GIVEN DATA

————————

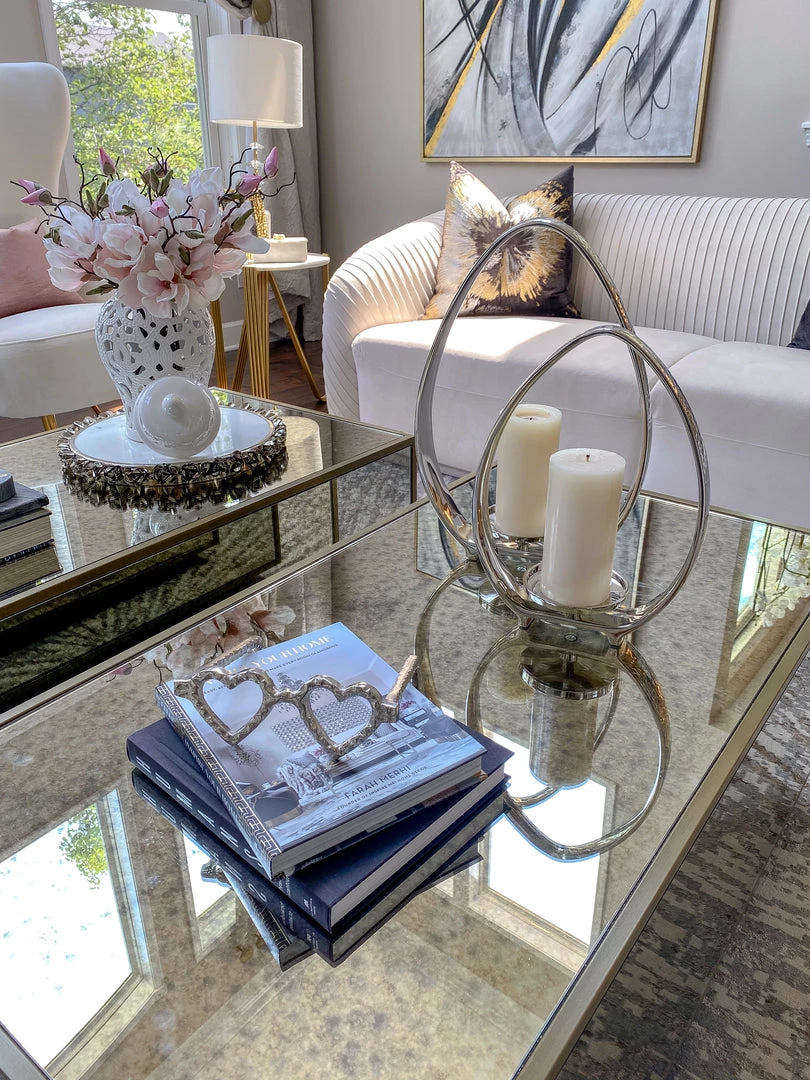 Inspire Me! Home Decor Silver Teardrop Candle Holders (2 Sizes)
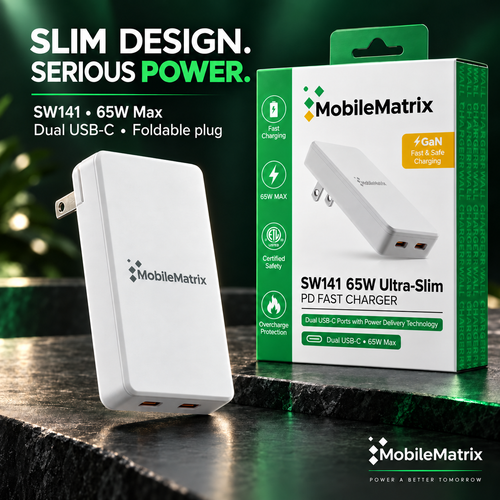 MobileMatrix™ SW141 65W Ultra-Slim Dual USB-C PD Wall Charger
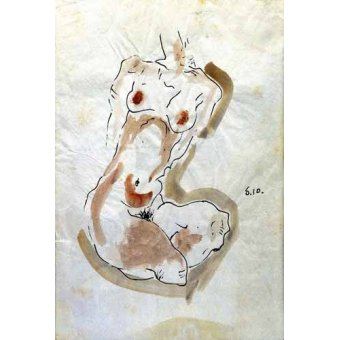 cuadros de mapas, grabados y acuarelas - Cuadro -Desnudo Femenino -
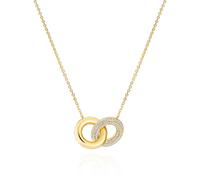 Sif Jakobs CARRARA DUE PICCOLO Necklace 18 ct. Goldplated Silver SJ-N2477-CZ-YG - Woman - 925 Sterling Silver Gold 45 cm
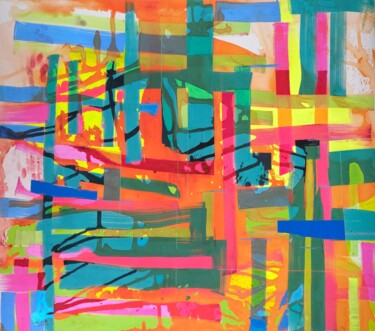 Collages intitulée "Oasis" par Hongfeng Guo, Œuvre d'art originale, Acrylique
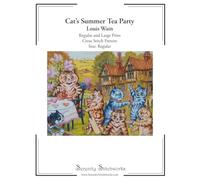 Cat's Summer Tea Party Cross Stitch Pattern - Louis Wain - Regular Size Edition: Regular and Large Print Cross Stitch Pattern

————————

WORK ORDER
Your copy of the data should match it exactly, apart from the images, which are omitted.

SOLUTION
 Inspire Me! Home Decor Silver Teardrop Candle Holders (2 Sizes)
 MobileMatrix™ SW141 65W Ultra-Slim Dual USB-C PD Wall Charger
 cuadros de mapas, grabados y acuarelas - Cuadro -Desnudo Femenino -
 Sif Jakobs CARRARA DUE PICCOLO Necklace 18 ct. Goldplated Silver SJ-N2477-CZ-YG - Woman - 925 Sterling Silver Gold 45 cm
 Collages intitulée "Oasis" par Hongfeng Guo, Œuvre d'art originale, Acrylique
 Cat's Summer Tea Party Cross Stitch Pattern - Louis Wain - Regular Size Edition: Regular and Large Print Cross Stitch Pattern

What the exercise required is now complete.